We need to make a decision on how we label the first event in a user or page's timeline. Our current thinking is:
In our understanding, a user timeline is coherent (edits happen AFTER creation). Therefore we think users having no creationTimestamp or a creationTimestamp after the user's firstEditTimetamp should be set to firstEditTimetamp. The formula being: eventTimestamp of create-event = MIN(user_registration, date-of-logging-table-create-event, first-edit). This will set both user_creation_timestamp and event_timestamp for the first event in the user's timeline. We'll keep userCreationTimestamp to be MIN(user_registration, date-of-logging-table-create-event), and will also keep userFirstEditTimestamp.

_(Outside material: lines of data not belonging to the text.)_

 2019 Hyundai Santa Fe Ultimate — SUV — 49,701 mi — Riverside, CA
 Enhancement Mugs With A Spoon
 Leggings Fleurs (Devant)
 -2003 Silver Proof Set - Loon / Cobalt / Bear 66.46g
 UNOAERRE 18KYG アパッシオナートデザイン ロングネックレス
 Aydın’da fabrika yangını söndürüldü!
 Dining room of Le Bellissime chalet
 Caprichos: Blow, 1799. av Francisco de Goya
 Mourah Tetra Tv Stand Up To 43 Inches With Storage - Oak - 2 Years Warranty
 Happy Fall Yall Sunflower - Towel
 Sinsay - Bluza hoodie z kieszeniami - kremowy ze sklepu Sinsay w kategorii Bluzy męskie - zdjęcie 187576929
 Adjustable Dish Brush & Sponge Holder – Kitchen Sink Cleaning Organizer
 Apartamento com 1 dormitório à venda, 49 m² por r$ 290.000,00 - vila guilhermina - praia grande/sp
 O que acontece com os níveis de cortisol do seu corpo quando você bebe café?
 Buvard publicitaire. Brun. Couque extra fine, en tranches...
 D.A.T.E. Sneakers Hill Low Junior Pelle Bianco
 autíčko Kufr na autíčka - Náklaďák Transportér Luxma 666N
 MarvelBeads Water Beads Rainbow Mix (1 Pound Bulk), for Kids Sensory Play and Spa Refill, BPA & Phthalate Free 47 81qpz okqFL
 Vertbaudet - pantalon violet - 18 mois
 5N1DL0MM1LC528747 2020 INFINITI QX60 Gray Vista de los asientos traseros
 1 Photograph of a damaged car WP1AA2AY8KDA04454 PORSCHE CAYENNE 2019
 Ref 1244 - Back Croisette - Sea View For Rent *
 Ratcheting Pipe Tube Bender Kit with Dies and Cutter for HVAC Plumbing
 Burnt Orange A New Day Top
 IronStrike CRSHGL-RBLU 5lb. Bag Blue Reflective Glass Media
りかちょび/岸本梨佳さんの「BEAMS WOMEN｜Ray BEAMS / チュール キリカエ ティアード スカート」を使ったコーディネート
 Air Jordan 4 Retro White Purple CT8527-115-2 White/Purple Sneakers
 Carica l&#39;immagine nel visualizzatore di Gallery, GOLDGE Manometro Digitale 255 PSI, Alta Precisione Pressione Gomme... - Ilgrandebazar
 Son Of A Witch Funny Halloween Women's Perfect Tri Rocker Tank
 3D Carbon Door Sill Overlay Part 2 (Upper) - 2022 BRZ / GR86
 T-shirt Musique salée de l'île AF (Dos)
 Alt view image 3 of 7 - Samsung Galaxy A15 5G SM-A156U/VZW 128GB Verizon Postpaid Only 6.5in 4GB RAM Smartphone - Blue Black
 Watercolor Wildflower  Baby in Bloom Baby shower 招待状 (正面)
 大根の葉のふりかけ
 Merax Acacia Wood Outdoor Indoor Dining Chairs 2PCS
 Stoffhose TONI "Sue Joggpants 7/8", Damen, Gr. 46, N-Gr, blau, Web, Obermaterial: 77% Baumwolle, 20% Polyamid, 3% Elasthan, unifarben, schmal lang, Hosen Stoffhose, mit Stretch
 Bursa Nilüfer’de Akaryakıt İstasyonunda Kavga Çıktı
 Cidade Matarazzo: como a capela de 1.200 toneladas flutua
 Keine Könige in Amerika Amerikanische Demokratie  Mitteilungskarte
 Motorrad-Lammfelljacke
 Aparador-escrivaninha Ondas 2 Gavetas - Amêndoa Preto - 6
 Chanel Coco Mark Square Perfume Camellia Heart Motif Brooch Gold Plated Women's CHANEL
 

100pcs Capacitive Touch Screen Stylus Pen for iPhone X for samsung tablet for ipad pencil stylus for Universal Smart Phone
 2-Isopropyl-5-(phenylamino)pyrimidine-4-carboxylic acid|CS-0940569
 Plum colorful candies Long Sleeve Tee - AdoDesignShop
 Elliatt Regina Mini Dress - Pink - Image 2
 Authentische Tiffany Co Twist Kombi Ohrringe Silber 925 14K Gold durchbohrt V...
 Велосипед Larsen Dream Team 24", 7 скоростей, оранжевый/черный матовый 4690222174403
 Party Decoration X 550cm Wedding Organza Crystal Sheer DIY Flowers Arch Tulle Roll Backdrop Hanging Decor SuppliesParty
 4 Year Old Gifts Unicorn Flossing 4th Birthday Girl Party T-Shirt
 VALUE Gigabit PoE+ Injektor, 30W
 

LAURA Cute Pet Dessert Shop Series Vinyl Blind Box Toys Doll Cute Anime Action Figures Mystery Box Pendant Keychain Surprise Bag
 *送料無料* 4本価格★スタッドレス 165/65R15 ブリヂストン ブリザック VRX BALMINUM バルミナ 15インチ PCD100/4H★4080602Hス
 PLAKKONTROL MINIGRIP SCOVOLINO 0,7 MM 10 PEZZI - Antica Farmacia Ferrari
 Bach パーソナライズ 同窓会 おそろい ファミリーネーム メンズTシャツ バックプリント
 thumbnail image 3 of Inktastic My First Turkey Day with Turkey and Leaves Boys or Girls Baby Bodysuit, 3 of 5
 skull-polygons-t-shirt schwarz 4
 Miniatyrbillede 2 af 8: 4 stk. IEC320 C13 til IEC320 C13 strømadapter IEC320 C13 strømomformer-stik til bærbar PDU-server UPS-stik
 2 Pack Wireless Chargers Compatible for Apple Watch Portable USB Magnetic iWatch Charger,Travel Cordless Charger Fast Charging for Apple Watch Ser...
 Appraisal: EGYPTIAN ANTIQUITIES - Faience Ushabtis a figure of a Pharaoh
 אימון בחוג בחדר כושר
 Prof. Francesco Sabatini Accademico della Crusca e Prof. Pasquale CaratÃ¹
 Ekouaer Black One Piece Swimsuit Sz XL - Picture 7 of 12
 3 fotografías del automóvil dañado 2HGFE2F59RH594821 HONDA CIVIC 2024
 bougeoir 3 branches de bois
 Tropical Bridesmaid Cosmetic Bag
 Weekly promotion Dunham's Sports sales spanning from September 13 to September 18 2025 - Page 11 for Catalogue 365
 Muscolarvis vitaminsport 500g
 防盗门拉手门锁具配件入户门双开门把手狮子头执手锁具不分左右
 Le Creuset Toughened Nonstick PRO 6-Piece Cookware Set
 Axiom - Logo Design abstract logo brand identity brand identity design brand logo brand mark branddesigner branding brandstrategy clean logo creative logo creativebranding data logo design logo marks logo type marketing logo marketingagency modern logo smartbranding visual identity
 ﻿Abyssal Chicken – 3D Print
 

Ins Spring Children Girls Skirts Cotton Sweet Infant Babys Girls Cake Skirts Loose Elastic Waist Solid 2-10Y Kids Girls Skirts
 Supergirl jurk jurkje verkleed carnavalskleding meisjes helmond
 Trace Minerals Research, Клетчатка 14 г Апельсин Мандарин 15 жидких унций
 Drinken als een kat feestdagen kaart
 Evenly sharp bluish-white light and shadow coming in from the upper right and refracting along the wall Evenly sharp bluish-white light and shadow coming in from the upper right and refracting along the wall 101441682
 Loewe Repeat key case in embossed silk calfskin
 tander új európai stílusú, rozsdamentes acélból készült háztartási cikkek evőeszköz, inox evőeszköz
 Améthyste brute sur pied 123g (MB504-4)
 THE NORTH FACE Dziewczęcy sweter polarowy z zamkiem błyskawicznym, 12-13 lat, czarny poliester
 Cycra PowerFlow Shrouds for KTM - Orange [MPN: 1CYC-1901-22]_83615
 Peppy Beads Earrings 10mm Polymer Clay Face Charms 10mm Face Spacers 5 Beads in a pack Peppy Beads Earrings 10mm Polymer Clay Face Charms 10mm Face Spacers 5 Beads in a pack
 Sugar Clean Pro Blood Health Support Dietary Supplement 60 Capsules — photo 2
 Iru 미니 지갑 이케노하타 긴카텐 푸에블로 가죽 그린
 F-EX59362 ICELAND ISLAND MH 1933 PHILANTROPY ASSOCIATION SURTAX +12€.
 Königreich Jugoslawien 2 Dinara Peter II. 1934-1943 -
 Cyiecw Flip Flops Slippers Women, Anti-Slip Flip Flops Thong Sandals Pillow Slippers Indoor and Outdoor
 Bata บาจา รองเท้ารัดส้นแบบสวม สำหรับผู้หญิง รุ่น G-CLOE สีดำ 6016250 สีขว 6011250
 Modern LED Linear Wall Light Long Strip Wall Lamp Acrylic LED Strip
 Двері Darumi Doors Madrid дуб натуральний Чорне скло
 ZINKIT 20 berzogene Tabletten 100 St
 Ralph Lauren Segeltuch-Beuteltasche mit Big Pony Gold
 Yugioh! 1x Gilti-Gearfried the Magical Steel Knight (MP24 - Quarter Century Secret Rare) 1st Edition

Pages can be created as partial restores of an older page, with older revisions. So the first edit on a page could happen before the page's creation date without anything being erroneous. Since this is part of how mediawiki works, we'd like to highlight it in the data and use date-of-logging-table-create-event as the page_creation_timestamp. If such a create event doesn't exist, we leave page_creation_timestamp null. And we populate page_first_edit_timestamp so it can be used instead of creation date where needed. If we find some other data that lets us tell the difference between "old restored first edits" and "edit that created the page", then we can add another field to further clarify. About events, timestamp of a page create event is set to the pageCreationTimestamp, even if it is null, to let analysts know that the page creation is unknown (first edit should however be populated). We might take the MIN(pageCreation, pageFirstEdit) when loading in druid, as druid don't accept NULL timestamps though.
This task can be marked resolved if there's general agreement on the above.